Warning: Hazardous Cliff


Warning: Hazardous Cliff! The ground may break off without warning and you could be seriously injured or killed. Stay back from the edge. Well, we can't say they didn't warn us.

Friday was our only other early wake up call.  We set alarms, woke up and went to breakfast at Kalaheo Cafe & Coffee Company to fuel up for our hike day at Waimea Canyon.  I had delicious french toast and coffee.  I was ready to go.


We hiked the Canyon Trail to Waipoo Falls which is 3.4 miles round trip.  I was disappointed that it was so short because I love hiking in the wilderness and like to challenge myself but it turns out that it was plenty long enough.  The terrain was rugged.  The boulders in the ground were quick to roll under our feet and we all lost our footing more than once.  Some parts were so rough that the trail seemed to run out and we had to figure out where to pick it up again.  Other areas were so thick with bushes and undergrowth that we had to push our way through without really being able to see where we were going.  It was awesome!!







The views are spectacular.  They call Waimea Canyon the Grand Canyon of Hawaii and while I've never been to the Grand Canyon I do believe this has to be the next best thing.  Standing on the cliff  looking across the massive canyon to the other side is like being on the edge of the world.  By the time we made it to this look out point we were pretty worn out, so it was a perfect resting point to take a break and take it all in.

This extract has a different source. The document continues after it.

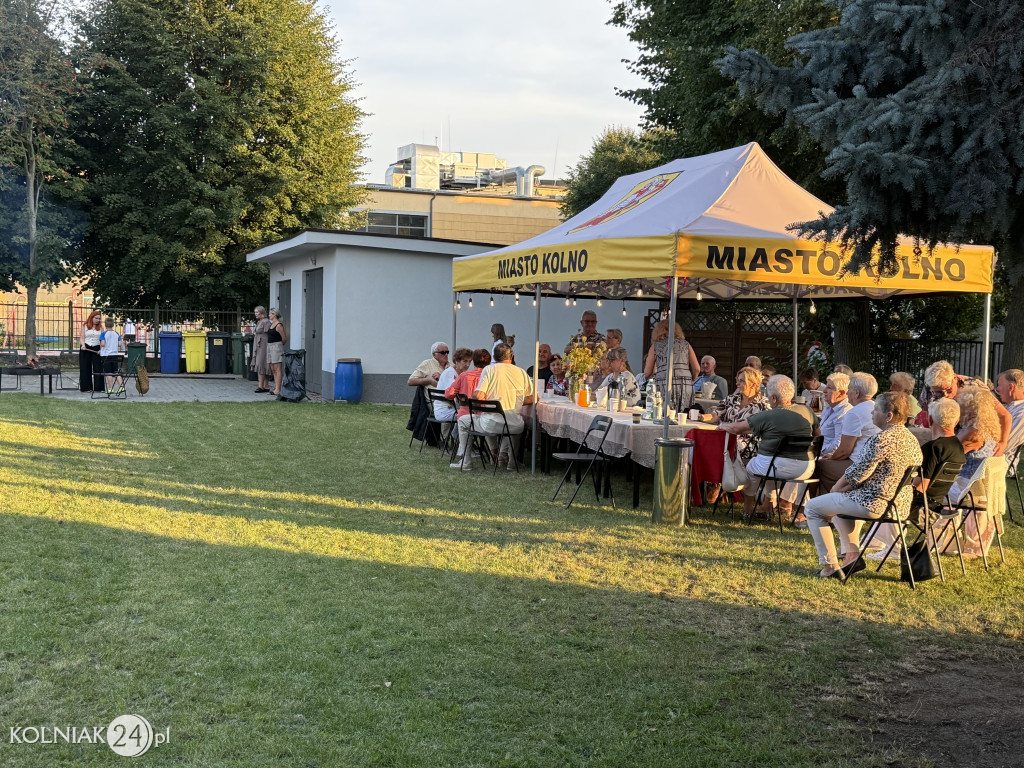 Zabawa pod chmurką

I don't ever plan to, but sometimes my thoughts go morbid.  I think, what would happen if my foot slipped and I fell?  What if someone came out here with a devious plan to push someone else over the cliff? There is no railing, no safety net and nobody watching.  The answer is obvious.  There is absolutely no coming back from that, but it's just so crazy to think that something like that could happen.  Did happen.  There was a cross memorial marker at the very edge of the cliff.  I had a general idea, but I wondered what happened. Who was this Devin Conrad Goetsch?  These days, we don't have to not know anything so later, when I came across the picture I googled the name and found his obituary from almost exactly a year ago.  So sad.  It seems he was a hiker just like us who lost his footing and went over the edge.  Seeing something like that makes you feel very small, but also very lucky to be alive because it only takes a second for something horrible like that to happen.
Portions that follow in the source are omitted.